= Dayal Patterson =

British author

Dayal Patterson is a British author, music journalist and founder of publishing house, Cult Never Dies. He has written several non-fiction books about heavy metal music and has contributed to a number of metal magazines, such as Decibel, Terrorizer, Metal Hammer, Classic Rock Presents, Record Collector, NME, Zero Tolerance and online publications such as The Quietus. His trilogy of books on black metal, Black Metal: Evolution of the Cult, Black Metal: The Cult Never Dies Vol. One. and Black Metal: Into the Abyss, have been labelled 'essential reading' for black metal enthusiasts.

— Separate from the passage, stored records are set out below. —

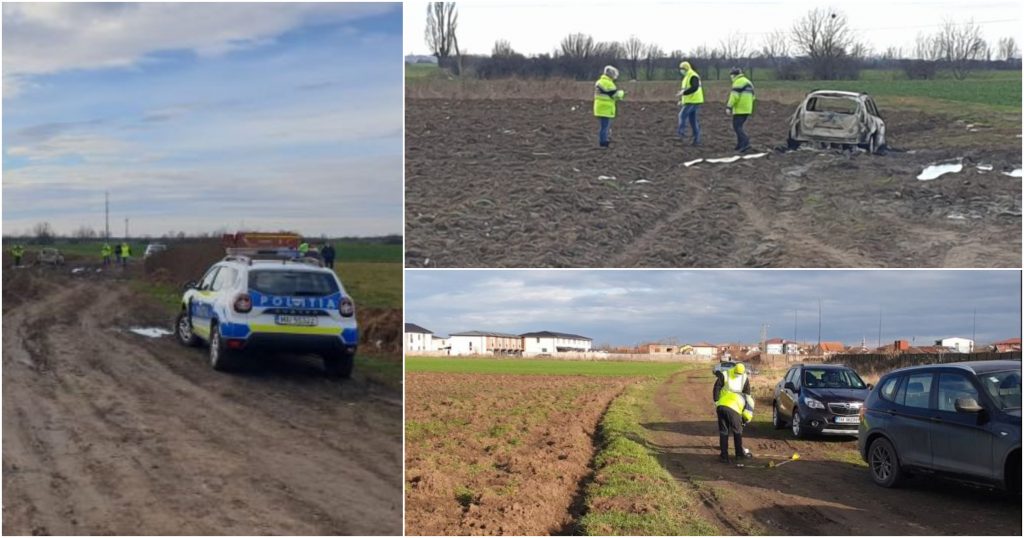 Descoperire groaznică la Timișoara. Ce a găsit un bărbat într-o mașină arsă și abandonată pe câmp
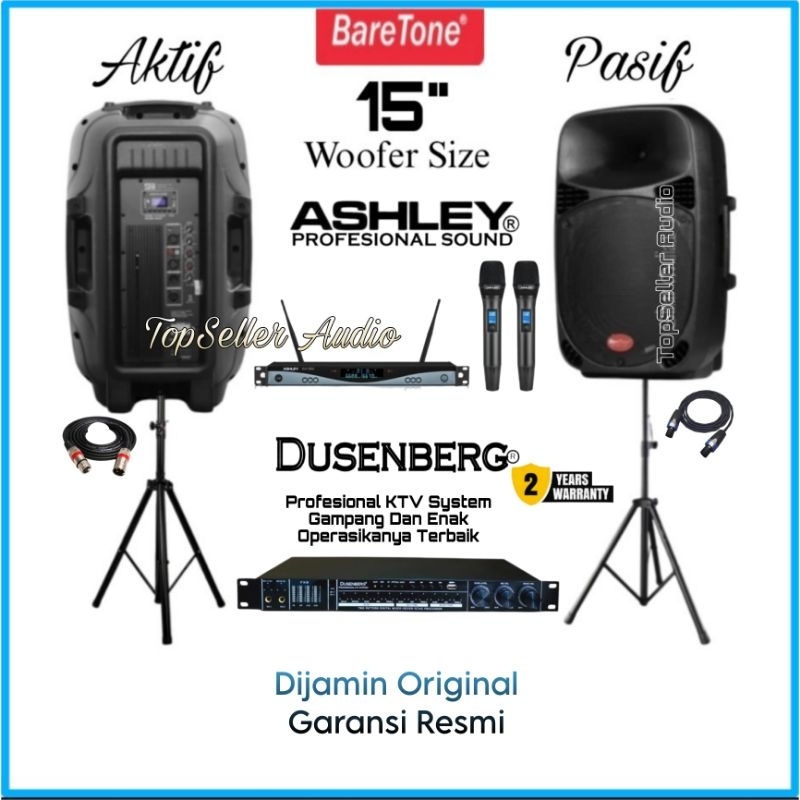Paket Sound System Karaoke & Aula Ruangan Dll Speaker BareTone 15 Inch [ Aktif Pasif ] Processor KTV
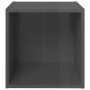 Glossy gray plywood TV cabinet 37x35x37 cm by vidaXL, TV Furniture - Ref: Foro24-805522, Price: 21,32 €, Discount: %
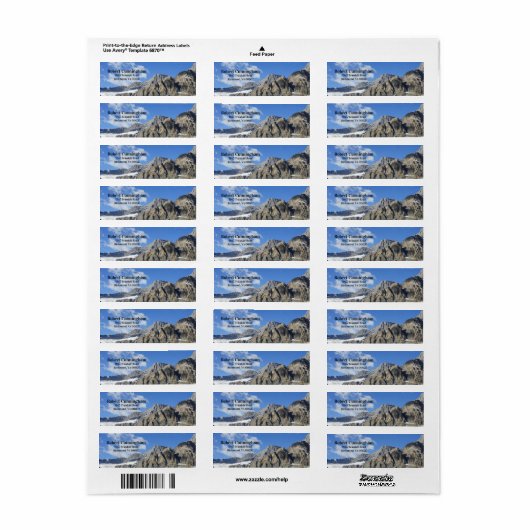 Mountain Peaks Return Address Labels (Full Sheet)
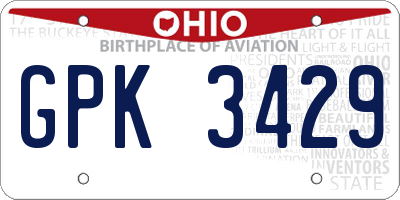 OH license plate GPK3429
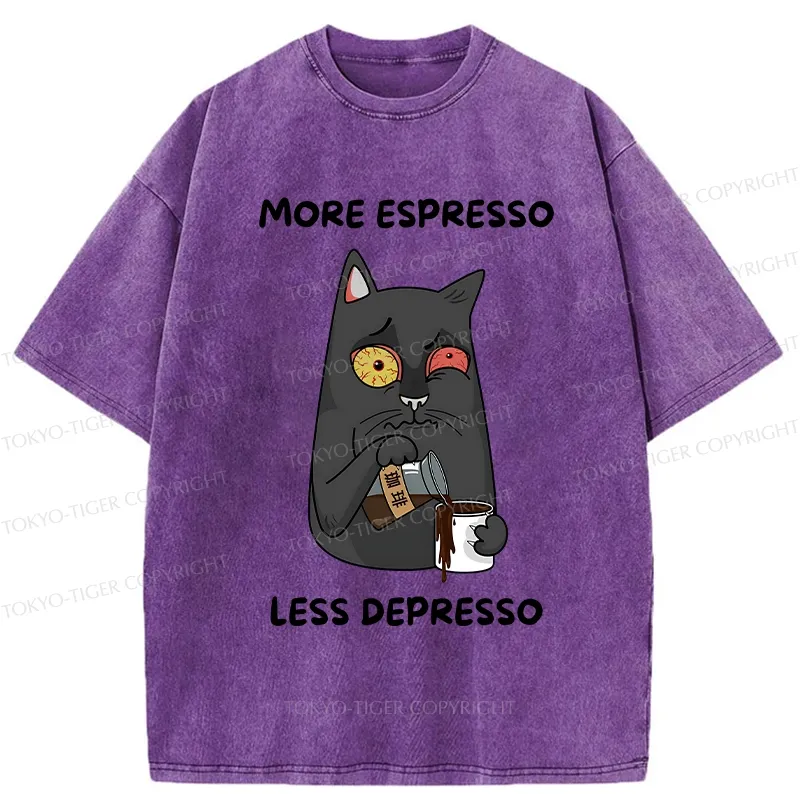 Tokyo-Tiger Japan More Espresso Less Depresso Washed T-Shirt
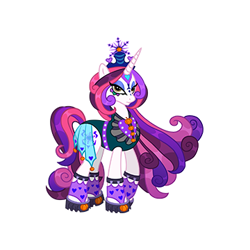 Size: 360x360 | Tagged: safe, gameloft, princess amore, pony, unicorn, g4, my little pony: magic princess, clothes, edgy, edgy amore, emo, goth, leotard, makeup, simple background, socks, solo, transparent background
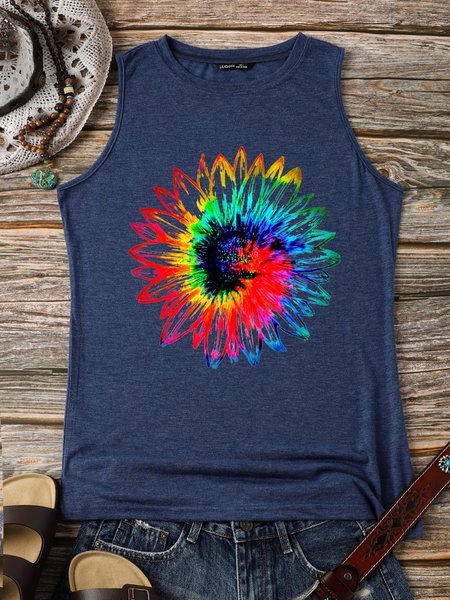 

Tie-dyed Cotton-Blend Sleeveless Vests, Black, Tank Tops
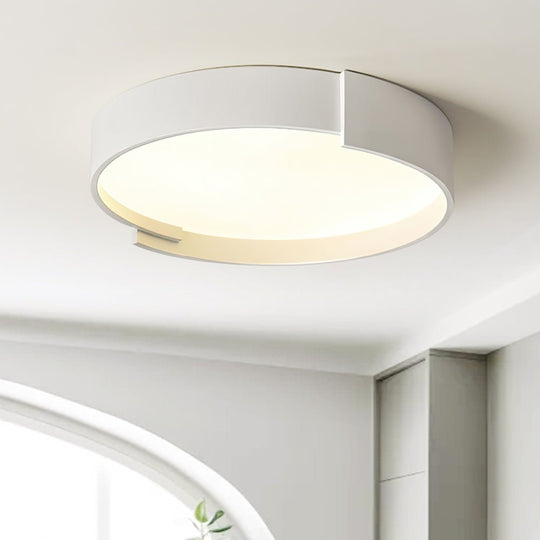 Pendantlightie-Nordic Simplicity Round Led Ceiling Light For Bedroom Living Room-Flush Mount-Warm White Light-White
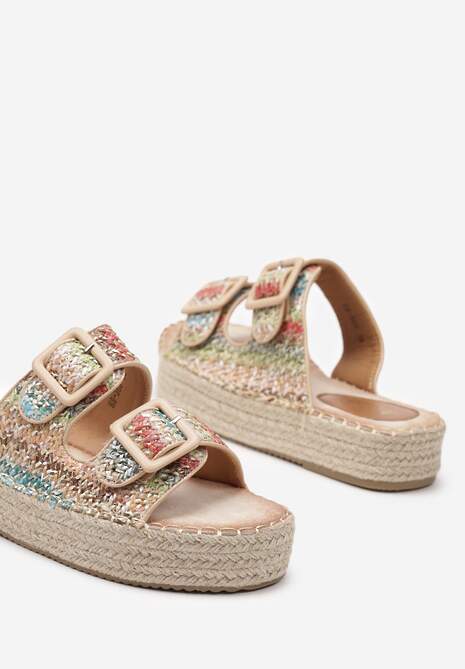 Beżowo-Różowe Płaskie Klapki Ozdobione Plecionką z Regulowanymi Paskami i Sprzączkami Yannia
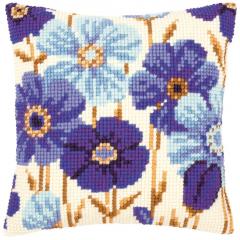 Vervaco Verachtert - Kreuzstichkissen Blaue Anemonen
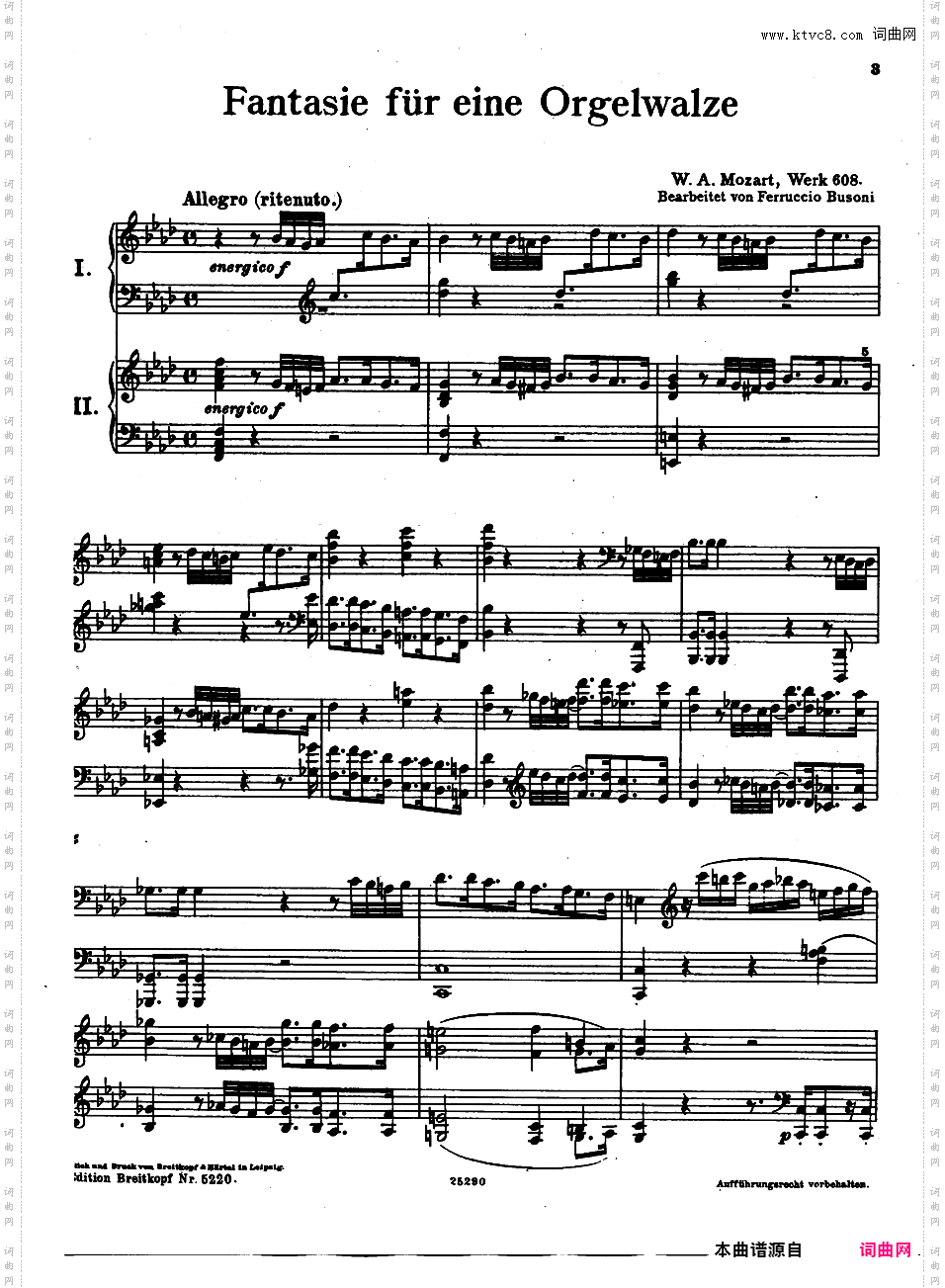 ------改编莫扎特作品集------Mozart-Busoni Fantasy on an Organ Waltz two pianos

Patterson began his music journalism career in the early 2000s when he started his own fanzine called Crypt. Shortly after, he became a regular contributor for magazines such as Metal Hammer, Terrorizer and Record Collector. During this time, Patterson has written multiple cover stories, including Rammstein, Behemoth, Children of Bodom for Metal Hammer, Deicide and Turisas for Terrorizer and Enslaved for Zero Tolerance Magazine.

In 2013, coinciding with Feral House’s publication of his book, Black Metal: Evolution of the Cult, Patterson founded his own publishing house Cult Never Dies, which specialises in publications, merchandise and physical music releases relating to underground metal.

In late 2023, on Cult Never Dies’ tenth anniversary, Black Metal: Evolution of the Cult - The Restored, Expanded & Definitive Edition was published. The North American version of the book was published in early 2024 by Decibel Books.

Patterson has given talks on the history of metal at events and festivals such as Midgardsblot, Beyond the Gates Cosmic Void, Inferno Festival and Bergen Literary Festival.

Patterson has also written multiple liner notes, and designed album layouts and artwork. He has also done live music and band photography.

== Partial Bibliography ==
Authored Books
- Black Metal: Evolution of the Cult. 2013. Feral House. ISBN 978-1-936239-75-7
- Black Metal: The Cult Never Dies Vol. One. 2015. Cult Never Dies. ISBN 978-0-9933077-0-6
- Black Metal: Into the Abyss. 2016. Cult Never Dies. ISBN 978-0-9933077-1-3
- Owls, Trolls & Dead King's Skulls: The Art Of David Thiérrée. 2017. Cult Never Dies. ISBN 978-0-9933077-3-7
- Non Serviam: The Official Story Of Rotting Christ. 2018. Cult Never Dies. ISBN 978-0-9933077-9-9 / ISBN 978-0-9933077-7-5
- Black Metal: Evolution of the Cult - The Restored, Expanded & Definitive Edition. 2023. Cult Never Dies. ISBN 978-1-915148-66-7
Album liner notes

- Killing Joke – Absolute Dissent. 2010.
- Emperor – The Complete Works. 2017.
- Rotting Christ – Under Our Black Cult. 2018.
- Rotting Christ – Thy Mighty Contract. 2017.
- Rotting Christ – Non Serviam. 2017.
- Rotting Christ – Passage to Arcturo. 2023.
- Cradle of Filth – Cruelty and the Beast: Re-Mistressed. 2019.